* [REQUIRED ACTION]
Beginning with the first line, please return the entries exactly through the line that contains "Marijan Martinovic Apartments", and leave out all later lines.
━━━ DATA TO PROCESS
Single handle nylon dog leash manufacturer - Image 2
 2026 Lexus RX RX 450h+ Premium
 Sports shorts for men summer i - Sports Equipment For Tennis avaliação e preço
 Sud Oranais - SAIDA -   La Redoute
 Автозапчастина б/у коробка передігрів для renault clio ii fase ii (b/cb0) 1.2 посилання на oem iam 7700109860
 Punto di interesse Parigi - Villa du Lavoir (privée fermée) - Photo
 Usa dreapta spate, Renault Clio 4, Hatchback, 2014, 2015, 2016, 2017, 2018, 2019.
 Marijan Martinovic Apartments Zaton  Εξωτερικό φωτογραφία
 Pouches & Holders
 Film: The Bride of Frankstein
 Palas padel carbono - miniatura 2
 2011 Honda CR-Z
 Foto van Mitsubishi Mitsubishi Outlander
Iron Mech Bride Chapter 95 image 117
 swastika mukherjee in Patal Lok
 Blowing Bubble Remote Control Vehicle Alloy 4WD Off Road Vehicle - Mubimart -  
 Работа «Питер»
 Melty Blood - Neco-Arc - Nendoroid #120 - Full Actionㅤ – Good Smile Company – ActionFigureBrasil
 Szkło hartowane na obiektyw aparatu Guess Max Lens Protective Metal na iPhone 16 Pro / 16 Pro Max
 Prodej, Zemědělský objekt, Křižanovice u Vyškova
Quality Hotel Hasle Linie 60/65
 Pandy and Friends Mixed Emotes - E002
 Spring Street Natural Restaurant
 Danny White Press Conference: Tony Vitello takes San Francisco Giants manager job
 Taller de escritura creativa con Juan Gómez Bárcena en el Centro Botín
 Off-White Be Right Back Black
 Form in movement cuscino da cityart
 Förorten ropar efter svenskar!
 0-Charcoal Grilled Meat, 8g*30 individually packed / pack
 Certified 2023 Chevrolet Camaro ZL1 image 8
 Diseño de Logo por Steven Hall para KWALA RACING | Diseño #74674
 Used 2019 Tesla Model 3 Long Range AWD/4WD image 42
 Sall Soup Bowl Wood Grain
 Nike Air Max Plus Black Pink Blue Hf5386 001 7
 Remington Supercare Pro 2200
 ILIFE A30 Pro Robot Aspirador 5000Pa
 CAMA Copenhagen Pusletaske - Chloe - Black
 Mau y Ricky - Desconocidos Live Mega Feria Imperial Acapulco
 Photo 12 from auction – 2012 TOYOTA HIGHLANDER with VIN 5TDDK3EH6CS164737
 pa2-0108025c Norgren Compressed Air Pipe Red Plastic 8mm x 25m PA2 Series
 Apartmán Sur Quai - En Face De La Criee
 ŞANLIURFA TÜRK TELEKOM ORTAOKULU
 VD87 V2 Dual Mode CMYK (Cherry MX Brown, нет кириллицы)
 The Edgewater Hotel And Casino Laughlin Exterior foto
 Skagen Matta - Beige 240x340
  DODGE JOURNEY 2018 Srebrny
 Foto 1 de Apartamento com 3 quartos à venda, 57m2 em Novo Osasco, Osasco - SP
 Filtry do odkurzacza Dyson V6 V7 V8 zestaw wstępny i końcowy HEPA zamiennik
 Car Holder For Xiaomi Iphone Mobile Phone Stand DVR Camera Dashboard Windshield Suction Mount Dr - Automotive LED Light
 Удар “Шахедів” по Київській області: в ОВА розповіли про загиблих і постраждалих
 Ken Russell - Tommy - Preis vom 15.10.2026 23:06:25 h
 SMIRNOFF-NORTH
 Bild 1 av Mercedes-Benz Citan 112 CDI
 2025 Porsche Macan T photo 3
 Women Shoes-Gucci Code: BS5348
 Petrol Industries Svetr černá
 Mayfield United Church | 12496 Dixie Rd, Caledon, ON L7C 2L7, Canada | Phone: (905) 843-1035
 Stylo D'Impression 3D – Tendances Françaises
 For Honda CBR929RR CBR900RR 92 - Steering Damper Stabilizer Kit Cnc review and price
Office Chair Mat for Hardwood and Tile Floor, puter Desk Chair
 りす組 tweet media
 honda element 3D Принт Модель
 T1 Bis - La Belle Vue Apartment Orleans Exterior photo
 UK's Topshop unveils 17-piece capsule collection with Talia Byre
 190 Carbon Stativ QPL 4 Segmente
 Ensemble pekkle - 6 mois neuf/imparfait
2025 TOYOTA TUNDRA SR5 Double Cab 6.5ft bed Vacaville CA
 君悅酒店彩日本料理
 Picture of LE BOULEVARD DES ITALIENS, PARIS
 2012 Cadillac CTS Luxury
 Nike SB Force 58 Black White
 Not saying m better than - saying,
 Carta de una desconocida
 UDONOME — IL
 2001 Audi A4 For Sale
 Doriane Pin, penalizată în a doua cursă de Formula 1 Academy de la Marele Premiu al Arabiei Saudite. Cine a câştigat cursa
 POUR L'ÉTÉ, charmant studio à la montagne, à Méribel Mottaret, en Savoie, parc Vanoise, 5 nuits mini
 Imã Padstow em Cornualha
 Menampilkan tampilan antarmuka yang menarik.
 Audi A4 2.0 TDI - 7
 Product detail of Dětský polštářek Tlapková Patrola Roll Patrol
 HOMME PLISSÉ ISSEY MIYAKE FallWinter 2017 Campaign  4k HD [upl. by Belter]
━━━━━━
* [FINAL ANSWER]
Single handle nylon dog leash manufacturer - Image 2
 2026 Lexus RX RX 450h+ Premium
 Sports shorts for men summer i - Sports Equipment For Tennis avaliação e preço
 Sud Oranais - SAIDA -   La Redoute
 Автозапчастина б/у коробка передігрів для renault clio ii fase ii (b/cb0) 1.2 посилання на oem iam 7700109860
 Punto di interesse Parigi - Villa du Lavoir (privée fermée) - Photo
 Usa dreapta spate, Renault Clio 4, Hatchback, 2014, 2015, 2016, 2017, 2018, 2019.
 Marijan Martinovic Apartments Zaton  Εξωτερικό φωτογραφία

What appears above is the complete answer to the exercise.